For the members of the Los Angeles-based comedy theater troupe Culture Clash, on a two-week visit to Miami to acquire firsthand inspiration for a performance work-in-progress, this particular roadkill specimen marked the way back to Miami Beach at the end of each day of interviews with local movers and shakers. Salinas, sporting a Culture Clash baseball cap and watch, was at the wheel. Siguenza rode shotgun, the five-o'clock shadow on his shaved scalp sweating under the midday sun. He held his stomach and complained that the massive doses of eclectic ethnic cuisine offered by their many hosts had added unneeded bulk to his stocky frame. In back, Montoya passed a hand through his silky long dark hair and looked impatient. The reigning dress was Chicano homeboy: baggy pants, denim engineer jackets, flannel shirts with Aztec patterns, and work boots.
"We're going to give Miami an enema," announced Montoya. "What this town needs is a colonic. Yeah, a mango colonic."
Culture Clash was cruising far from the group's home turf, territory usually staked by low-riding cholos wearing bandannas with gang colors, not yucas in Mazda Miatas toting cellular phones. Montoya, who is Mexican-American, and Siguenza and Salinas, both Salvadoran-Americans, are the most successful Chicano-Latino comedy team in the nation, an accolade that is something of a contradiction given the struggling status of Latino theater. They are also the stars of Culture Clash, a syndicated Fox Television program often described as a Hispanic In Living Color. Seen weekly in six of the top ten U.S. Latin markets, it has not been picked up by the Fox station in Miami.
Second-generation activists who are all in their early 30s, the comedians see themselves as role models for young Latinos, particularly Mexican Americans. They aim to break down cultural stereotypes by satirizing them in slapstick sketches about border crossings and migrant workers, turf wars and riots, presenting life from the point of view of valet parkers, gang members, and the occasional Latin American dictator. Influenced by the collective structure of Latin American theater groups, as well as by political comedy from what they call California's "burrito belt," Culture Clash's postmodern vaudeville targets a multiethnic audience weaned on Saturday Night Live sketches in bilingual homes.
Culture Clash Does Miami will be staged as a work-in-progress this Sunday (May 1) at the 10th Street Auditorium in Miami Beach.
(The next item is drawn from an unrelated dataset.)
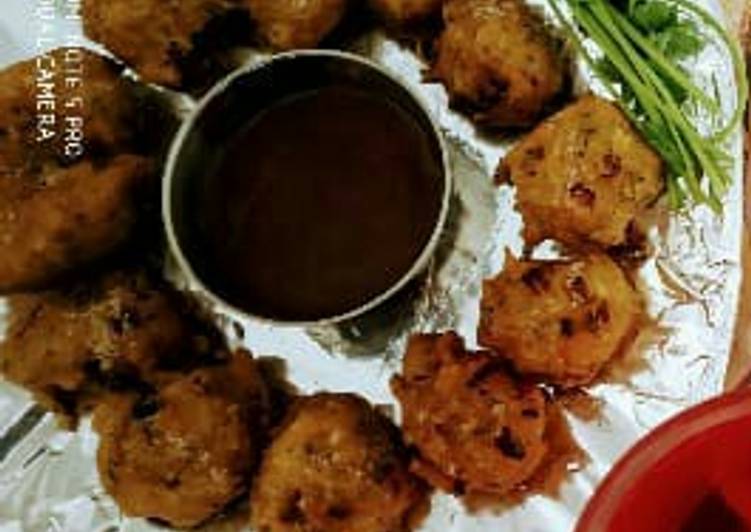 Rice flour pakode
The full-length piece, commissioned by the Miami Light Project at a cost of $83,000, is scheduled for a November premiere at the Colony Theater. With funding from Rockefeller and Knight Foundation grants, Miami Light's board of directors A a committee of nineteen that includes local architects, real estate agents, business owners, and arts professionals A chose the L.A. trio to create a theatrical work about Miami on the strength of a well-received performance of the group's show, A Bowl of Beings, at the Colony in 1992.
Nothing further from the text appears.